4. Aux termes de l'article 21-16 du même code : " Nul ne peut être naturalisé s'il n'a en France sa résidence au moment de la signature du décret de naturalisation. ". Aux termes de l'article 21-26 du code civil, qui est au nombre des dispositions communes à certains modes d'acquisition de la nationalité française : " Est assimilé à la résidence en France lorsque cette résidence constitue une condition de l'acquisition de la nationalité française : / 2° Le séjour dans les pays en union douanière avec la France qui sont désignés par décret ; / () ". Aux termes de l'article 65 du décret du 30 décembre 1993 relatif aux déclarations de nationalité, aux décisions de naturalisation, de réintégration, de perte, de déchéance et de retrait de la nationalité française : " Est assimilé à la résidence en France pour l'application de l'article 21-26 du code civil le séjour dans la Principauté de Monaco. ".

5. Il résulte de l'article 21-16 du code civil que la résidence en France est une condition de l'acquisition de la nationalité française par décision de l'autorité publique. Dès lors, le 2° de l'article 21-26 du code civil est applicable au litige en tant que ce texte s'applique à l'acquisition de la nationalité française par décision de l'autorité publique, par naturalisation en application de l'article 21-15 du code civil.

6. La naturalisation, qui n'est pas une liberté dès lors que son bénéfice est subordonné à une décision préalable de l'autorité publique, n'est pas non plus un droit.
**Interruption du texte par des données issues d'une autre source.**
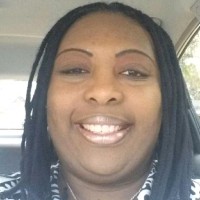 Cedricca Elmore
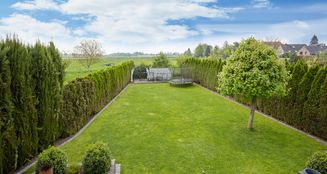 von_poll_real_estate_property_25013074_image_21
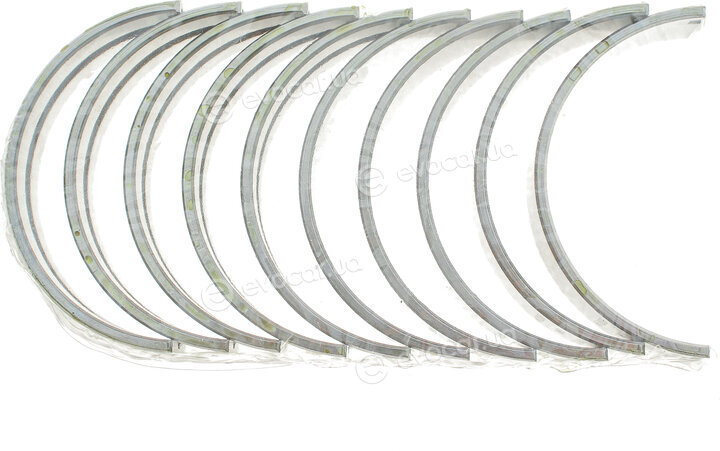 Mahle 001 HS 10704 000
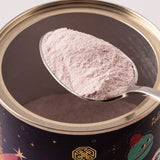 Multivitamínico - BerryKI - ESSENTIAL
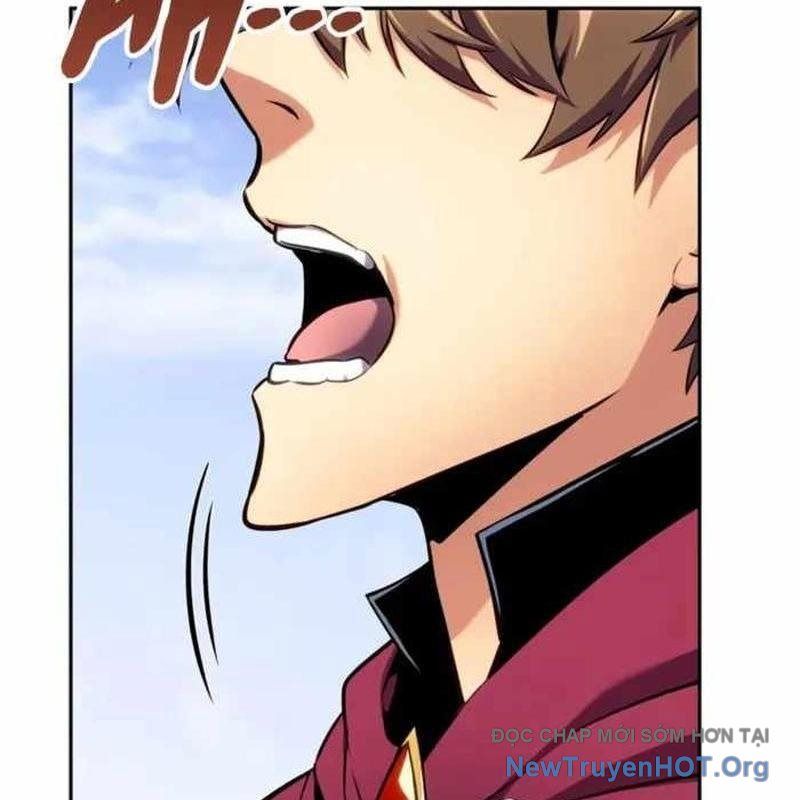 Chapter 15 - Trang 259
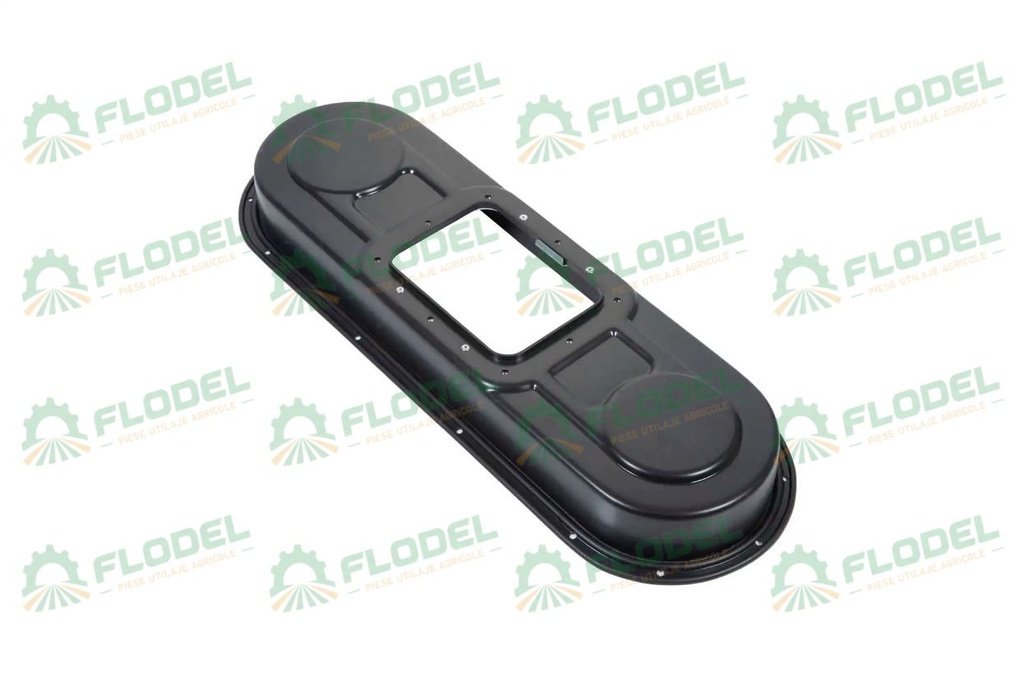 Capac transmisie CAPELLO 03.4180.00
Elle n'est pas au nombre des droits et libertés garantis par la Constitution. Dès lors, le 2° de l'article 21-26 du code civil, en ce qu'il prévoit que sont désignés par décret les pays en union douanière avec la France dans lesquels le séjour est assimilé à la résidence en France lorsque cette résidence constitue une condition de la naturalisation, n'affecte pas par lui-même un droit ou une liberté que la Constitution garantit. Ne privant d'aucune garantie les droits et libertés attachés à la nationalité française ou en découlant, il ne méconnaît pas non plus l'article 3 de la Constitution.

7. Il résulte de ce qui précède que la question prioritaire de constitutionnalité posée par M. B est, au sens de l'article 23-2 de l'ordonnance du 7 novembre 1958, dépourvue de caractère sérieux. Dès lors, il n'y a pas lieu de la transmettre au Conseil d'Etat.

 

O R D O N N E :

Article 1er : Il n'y a pas lieu de transmettre au Conseil d'Etat la question prioritaire de constitutionnalité posée par M. B.

Article 2 : La présente ordonnance sera notifiée à M. A B et au ministre de l'intérieur et des outre-mer.

Fait à Nantes, le 27 décembre 2022.

Le président,

A. DURUP DE BALEINE

La République mande et ordonne au ministre de l'intérieur et des outre-mer en ce qui le concerne ou à tous commissaires de justice à ce requis en ce qui concerne les voies de droit commun contre les parties privées, de pourvoir à l'exécution de la présente décision.